Giggling, he adds: "They are out of diapers just in time for me to start changing my own."
But the years have been very kind to Colin, who admits that he is now more popular than ever with the women. And that goes hand in hand with being more popular with the paparazzi, too.
"I have noticed them more and more. But in the grand scale of things, I tend to be left alone.
"Unless you somehow have the terrible misfortune to attract more attention by means of scandal or something, the media tend to know to leave you alone. They leave me alone because I am too boring.
"There was a period when it was intense, but I am just not a story anymore. Sometimes it surprises you, when you have the grotesque experience of playing with your kids in the park and then finding five days later that someone was taking photos of you the entire time. We are quite lucky really because that sort of thing has not happened for a while.
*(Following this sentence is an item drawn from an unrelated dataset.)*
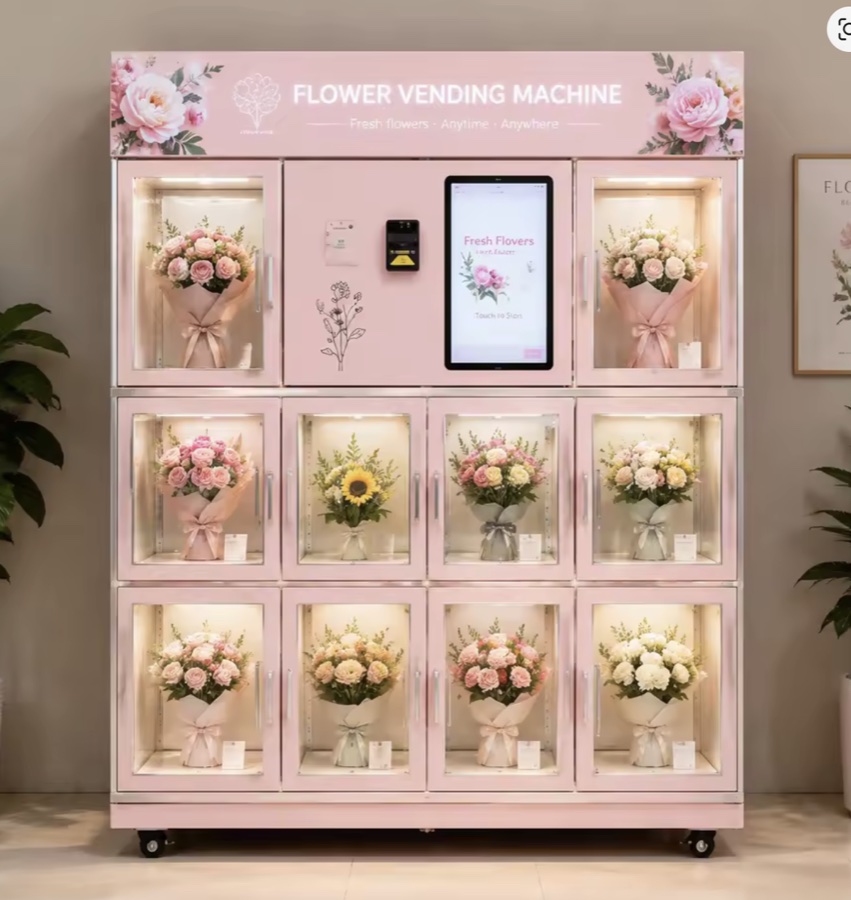 Pink flower vending machine with fresh bouquets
"I am lucky. I would find that absolutely insufferable. I do get gossiped about, I read little things, but you can never win a battle of correcting everything. Fortunately most of it is not harmful enough to warrant doing anything about. But, you know, I've had it very, very easy in that respect."
But Colin admits there have been times when the shutterbugs have been less than welcome in the Firth household.
"Actually, the time I met my wife, there were two years between that and us getting married, when we would be followed quite a bit. It was around the time of Mr Darcy so they were interested when I started a new relationship and wanted to find out who my wife was.
"We once had quite an exciting chase through Rome. The photographers chased us on motorbikes. That was pretty intense and we've all seen how that can end up.
"We were actually racing through the streets and the tunnels. My wife was driving and she's quite a driver. It was a white knuckle-ride for me, I can tell you."
The last year has been a hectic one for the gorgeous English gent. But if Mamma Mia! is the summer blockbuster it is expected to be, Colin admits he could find himself more in demand than ever.
"One of the things that has taken up a lot of my time is a documentary that my wife Livia produced, and that I co-produced with her, called In Prison My Whole Life. It's a documentary about a prisoner on death row in Philadelphia; there's a racial element to it and this guy was accused 26 years ago now.
"He's a black man accused of shooting a white policeman. It led us into some very interesting territory. So last year was spent interviewing various people, one of whom was the rapper Snoop Dog.
"So one minute I am sitting in a room interviewing Snoop Dog and the next second going to the set of Mamma Mia! dressed in spandex and then flying to Italy to shoot Michael Winterbottom's film Genova, which is about death and grief, and then kissing a transvestite Rupert Everett in St Trinians.
"It was quite a kaleidoscope of an experience this last year. And I have another busy year coming up too, but I just wonder if it will be as diverse as this last one!"